## WHAT IS BEING ASKED
Repeat the listing below verbatim, without its images.

## INFORMATION SUPPLIED
══════
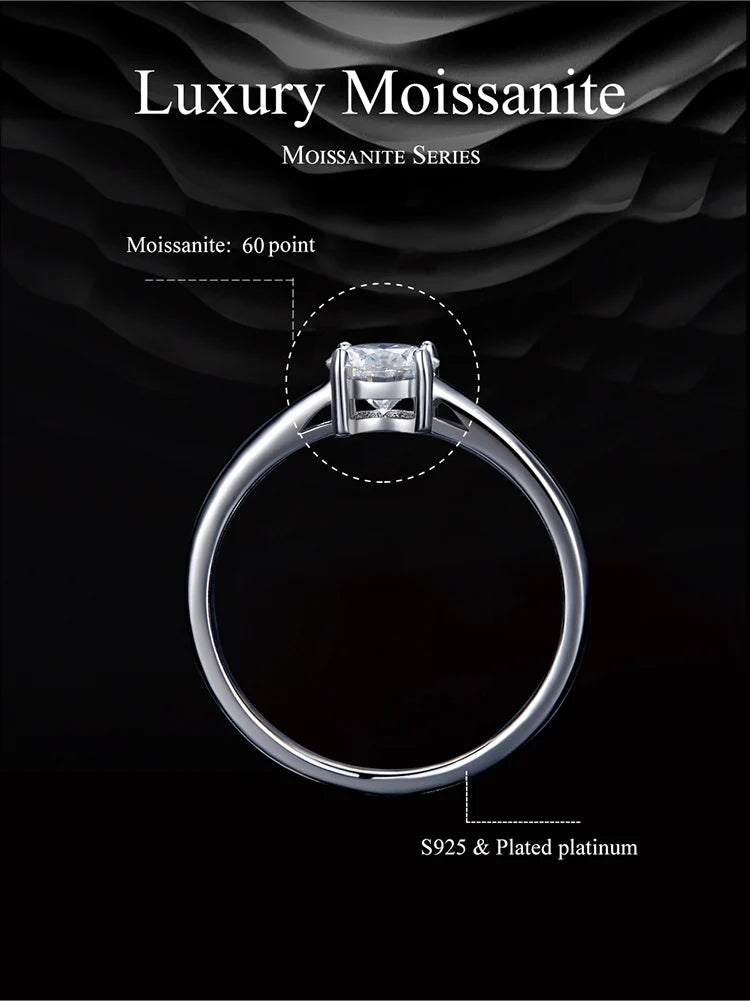 Shining Moissanite Ring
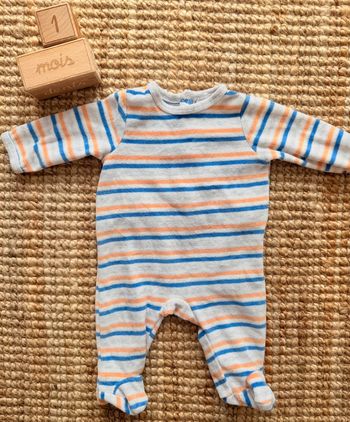 Pyjama velours TEX 1mois / 54cm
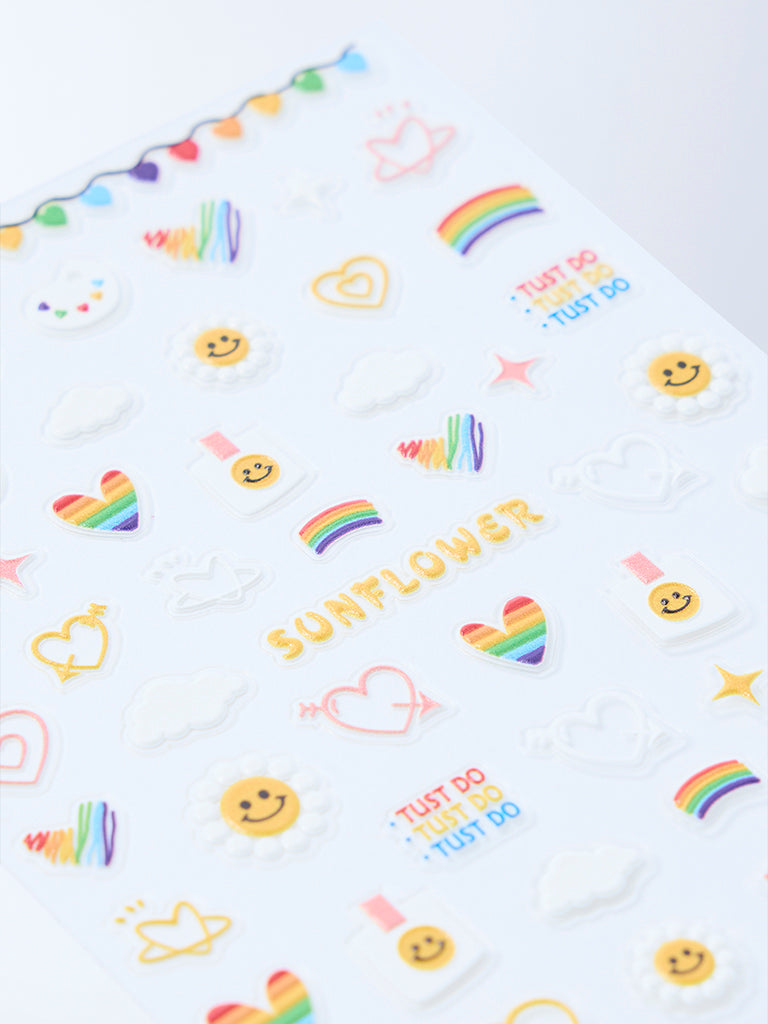 Studiowest Vibrant Assorted Nail Stickers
══════
## ANSWER
 Shining Moissanite Ring
 Pyjama velours TEX 1mois / 54cm
 Studiowest Vibrant Assorted Nail Stickers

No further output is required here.